PROVIDED ENTRIES Block Start

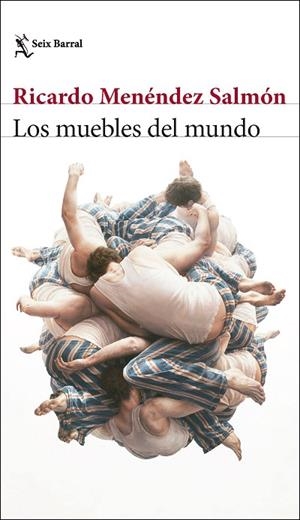 LOS MUEBLES DEL MUNDO | 9788432242694 | MENÉNDEZ SALMÓN, RICARDO | Llibres Parcir | Llibreria Parcir | Llibreria online de Manresa | Comprar llibres en català i castellà online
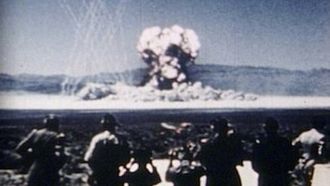Episode 3 The Cold War Files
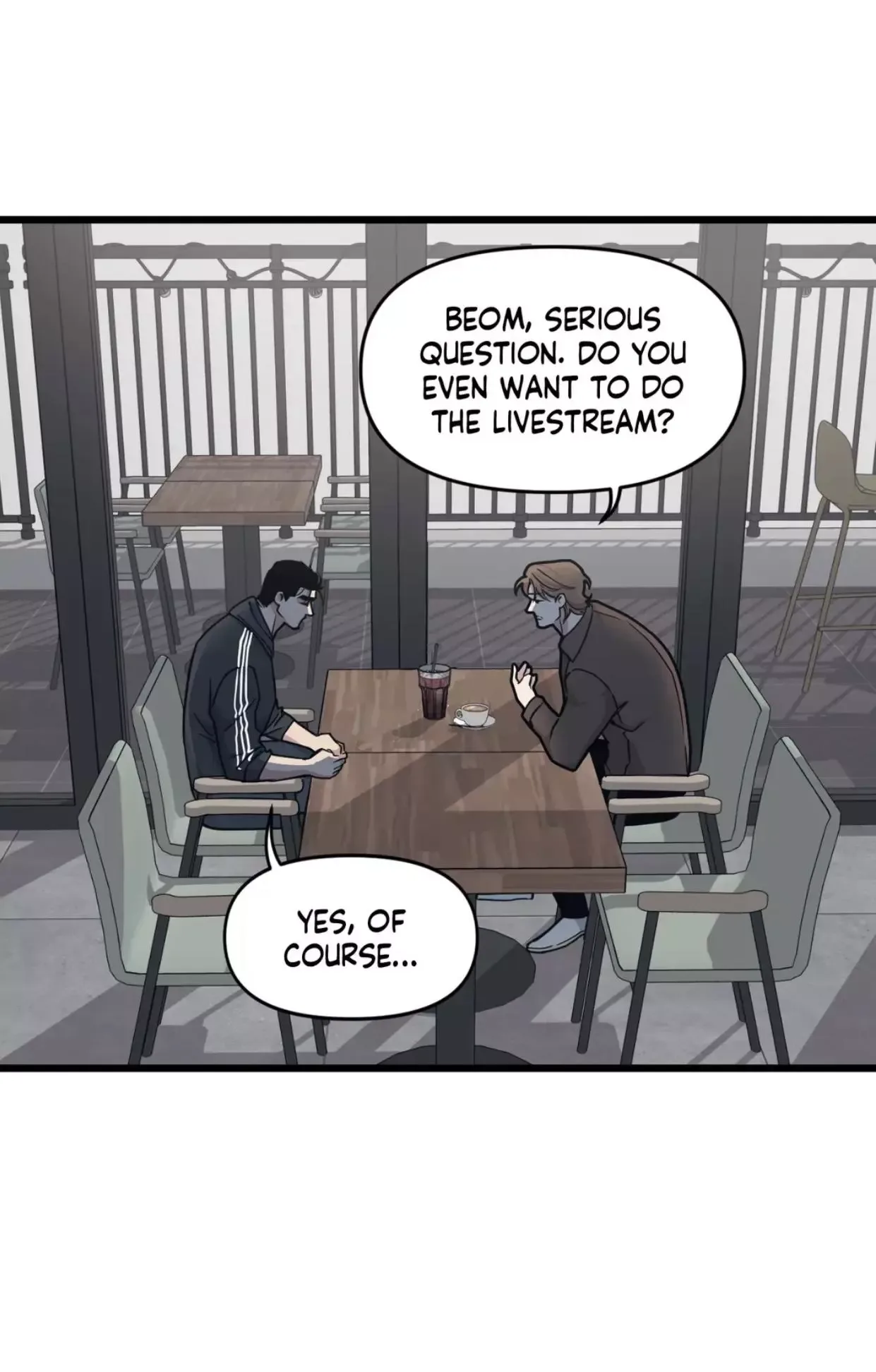 Full Volume Chapter 58 page 32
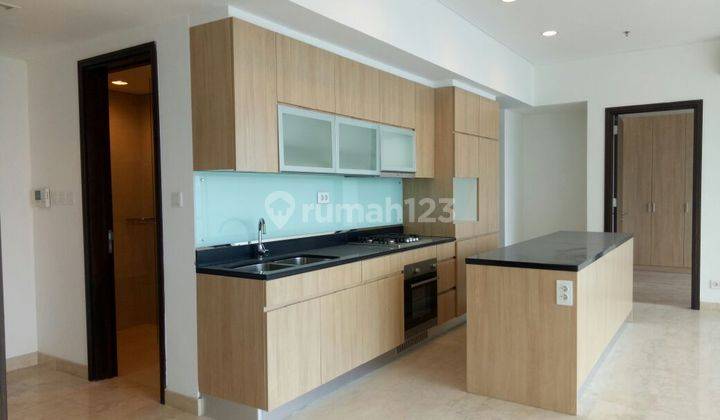 Apartemen 3 Kamar di Setiabudi Kuningan Jakarta Selatan 1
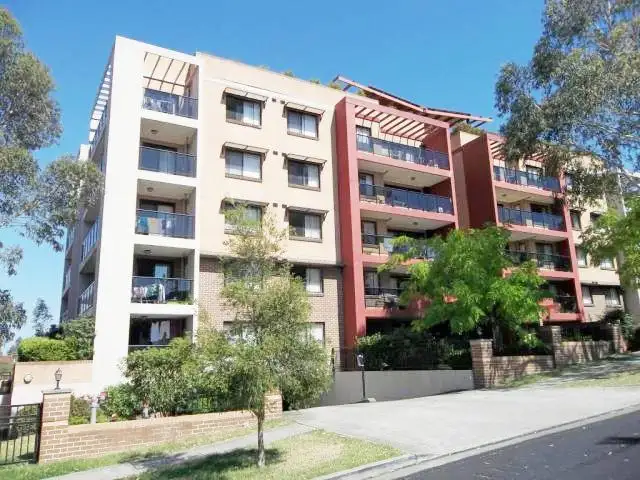 6/8-14 Oxford Street, Blacktown NSW 2148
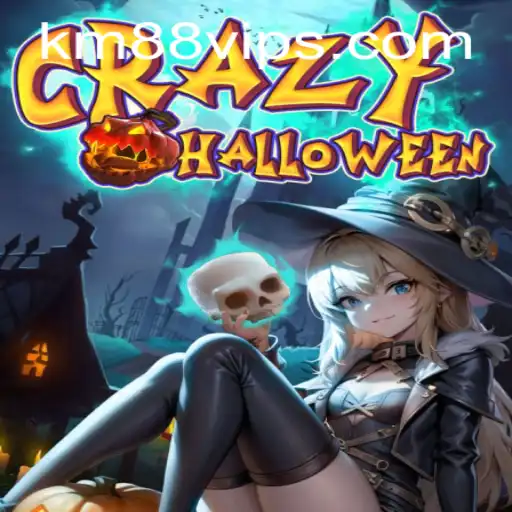 Unlock the Thrills of CrazyHalloween and Discover the Secret of km88 vip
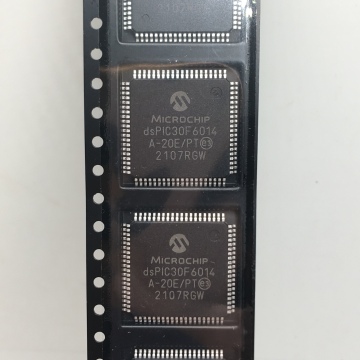 DSPIC30F6014A-20EPT IC Amplifiers - Original Stock Integrated Circuit Chips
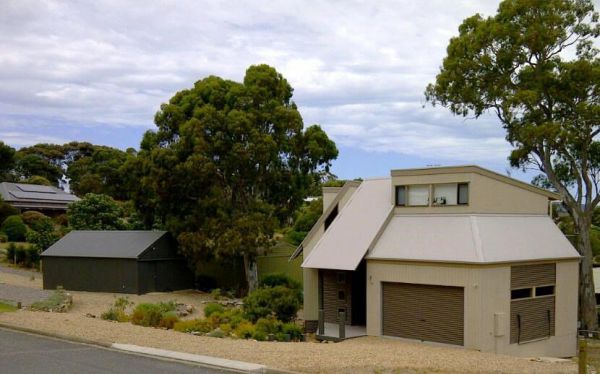 Normanville SA Accommodation QLD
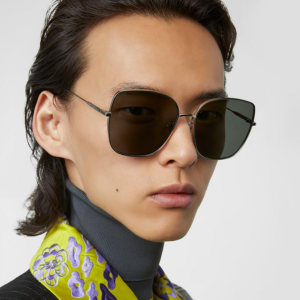 Alternative view of Kính Gentle Monster Bling 032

PROVIDED ENTRIES Block End

→ EXERCISE BRIEF
Copy the data in full. No pictures belong in the copy.

→ WRITTEN RESPONSE
 LOS MUEBLES DEL MUNDO | 9788432242694 | MENÉNDEZ SALMÓN, RICARDO | Llibres Parcir | Llibreria Parcir | Llibreria online de Manresa | Comprar llibres en català i castellà online
Episode 3 The Cold War Files
 Full Volume Chapter 58 page 32
 Apartemen 3 Kamar di Setiabudi Kuningan Jakarta Selatan 1
 6/8-14 Oxford Street, Blacktown NSW 2148
 Unlock the Thrills of CrazyHalloween and Discover the Secret of km88 vip
 DSPIC30F6014A-20EPT IC Amplifiers - Original Stock Integrated Circuit Chips
 Normanville SA Accommodation QLD
 Alternative view of Kính Gentle Monster Bling 032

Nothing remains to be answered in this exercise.